SANDRA BERMANN: How are you?
SUBJECT: Coffee all?
SANDRA BERMANN: Yes.
Coffee would be great, thank you.
STEPHEN MACEDO: Me too, please.
Thank you.
SANDRA BERMANN: You know, the whole question
of migration through the ages --
since biblical times, we've had it.
But now, in our lived history, we have a refugee crisis.
We have more migration than we've had since World War II.
And I started thinking about this community
and the possibility of having one
in doing my own work on translation studies but also
literary history and started to realize
how much I needed to know to talk about some
of these things in the current period.
So I went to a couple of colleagues
and talked with them, learned a lot,
and started to think about how much
it would mean to have a group of faculty
from roundabout campus who could talk about these things
and, in innovative ways, share knowledge,
share ways of thinking about this issue,
and how, eventually, this could have a huge ripple effect
on campus through our teaching, through having
student affiliates, graduate and undergraduates.

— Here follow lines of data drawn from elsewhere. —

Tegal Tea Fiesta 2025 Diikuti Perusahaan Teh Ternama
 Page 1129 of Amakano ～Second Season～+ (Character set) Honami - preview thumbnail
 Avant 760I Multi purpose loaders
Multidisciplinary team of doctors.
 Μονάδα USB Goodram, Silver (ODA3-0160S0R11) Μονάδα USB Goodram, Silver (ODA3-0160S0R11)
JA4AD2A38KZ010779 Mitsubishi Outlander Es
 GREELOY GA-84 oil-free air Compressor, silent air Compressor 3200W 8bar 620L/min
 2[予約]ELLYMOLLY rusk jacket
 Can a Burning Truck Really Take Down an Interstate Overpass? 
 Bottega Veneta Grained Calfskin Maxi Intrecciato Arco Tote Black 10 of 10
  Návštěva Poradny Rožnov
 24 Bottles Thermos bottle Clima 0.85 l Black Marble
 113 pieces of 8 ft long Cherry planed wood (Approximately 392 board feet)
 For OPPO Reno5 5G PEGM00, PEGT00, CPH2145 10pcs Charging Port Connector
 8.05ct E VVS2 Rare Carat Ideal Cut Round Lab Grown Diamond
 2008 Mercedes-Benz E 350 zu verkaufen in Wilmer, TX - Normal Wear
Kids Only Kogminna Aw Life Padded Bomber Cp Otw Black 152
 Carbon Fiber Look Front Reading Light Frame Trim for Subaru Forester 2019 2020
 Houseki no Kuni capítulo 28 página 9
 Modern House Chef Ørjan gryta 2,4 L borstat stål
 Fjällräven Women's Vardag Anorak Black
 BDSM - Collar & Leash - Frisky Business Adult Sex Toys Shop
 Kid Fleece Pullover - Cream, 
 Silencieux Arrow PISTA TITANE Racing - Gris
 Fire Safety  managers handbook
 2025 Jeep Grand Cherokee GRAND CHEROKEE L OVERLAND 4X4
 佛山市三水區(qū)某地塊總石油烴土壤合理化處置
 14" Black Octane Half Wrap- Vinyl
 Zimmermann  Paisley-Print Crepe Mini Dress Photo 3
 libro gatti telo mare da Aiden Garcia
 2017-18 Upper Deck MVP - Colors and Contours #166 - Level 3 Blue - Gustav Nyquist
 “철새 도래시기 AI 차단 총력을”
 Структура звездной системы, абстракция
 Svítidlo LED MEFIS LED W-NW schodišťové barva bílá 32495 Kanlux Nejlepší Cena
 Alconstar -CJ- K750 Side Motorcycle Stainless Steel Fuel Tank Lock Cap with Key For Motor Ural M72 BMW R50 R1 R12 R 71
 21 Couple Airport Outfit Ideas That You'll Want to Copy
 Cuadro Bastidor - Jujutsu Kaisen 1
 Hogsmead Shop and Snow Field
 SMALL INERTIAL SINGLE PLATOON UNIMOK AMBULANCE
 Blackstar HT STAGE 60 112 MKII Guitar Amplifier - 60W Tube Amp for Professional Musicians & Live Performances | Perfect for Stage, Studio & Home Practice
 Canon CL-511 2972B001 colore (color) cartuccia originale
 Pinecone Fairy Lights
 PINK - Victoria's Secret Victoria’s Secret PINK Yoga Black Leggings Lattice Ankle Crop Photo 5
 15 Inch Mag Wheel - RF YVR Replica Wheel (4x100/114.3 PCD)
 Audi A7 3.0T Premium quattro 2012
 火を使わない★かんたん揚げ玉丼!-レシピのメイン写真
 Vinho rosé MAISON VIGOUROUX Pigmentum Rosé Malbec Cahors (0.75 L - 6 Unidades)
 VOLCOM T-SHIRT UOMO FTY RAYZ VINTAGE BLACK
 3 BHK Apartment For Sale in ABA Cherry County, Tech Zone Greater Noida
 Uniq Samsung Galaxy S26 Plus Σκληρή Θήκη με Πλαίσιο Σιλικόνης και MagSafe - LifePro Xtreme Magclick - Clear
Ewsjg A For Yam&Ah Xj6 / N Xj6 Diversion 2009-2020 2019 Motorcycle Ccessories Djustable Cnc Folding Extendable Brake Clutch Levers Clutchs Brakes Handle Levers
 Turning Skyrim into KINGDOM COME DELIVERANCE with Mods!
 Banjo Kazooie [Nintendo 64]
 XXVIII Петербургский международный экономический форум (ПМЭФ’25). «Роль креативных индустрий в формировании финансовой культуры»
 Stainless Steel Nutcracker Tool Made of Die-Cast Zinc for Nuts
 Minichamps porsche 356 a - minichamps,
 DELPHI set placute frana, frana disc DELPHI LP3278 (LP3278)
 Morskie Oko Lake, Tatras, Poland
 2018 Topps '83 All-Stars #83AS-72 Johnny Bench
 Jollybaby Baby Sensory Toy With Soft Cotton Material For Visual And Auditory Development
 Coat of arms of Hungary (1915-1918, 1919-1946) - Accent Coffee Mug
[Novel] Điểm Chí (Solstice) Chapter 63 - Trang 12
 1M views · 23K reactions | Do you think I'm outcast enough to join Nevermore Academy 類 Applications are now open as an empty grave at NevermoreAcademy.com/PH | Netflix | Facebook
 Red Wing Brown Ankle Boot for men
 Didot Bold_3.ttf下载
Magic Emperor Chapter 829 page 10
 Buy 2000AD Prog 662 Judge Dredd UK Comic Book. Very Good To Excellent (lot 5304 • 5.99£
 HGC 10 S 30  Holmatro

And, perhaps, over time, we will see
opportunities for changing the public discourse
and developing it into something that
can create better solutions or at least
better debates about them.
STEPHEN MACEDO: Yeah.
We probably need to understand why people see this issue,
you know, so differently, disagree so widely --
where they're coming from, what their perceptions
are, what their misperceptions are,
and how this can be clarified.
One of the things I find most interesting
is that this is an issue that doesn't
cut across the usual left-right divide cleanly.
There are liberals that worry about high levels
of immigration because of the impact on the working class.
There are conservatives that worry
about high levels of immigration both for that reason
but also because of effects on the culture
and because of concerns about cultural stability.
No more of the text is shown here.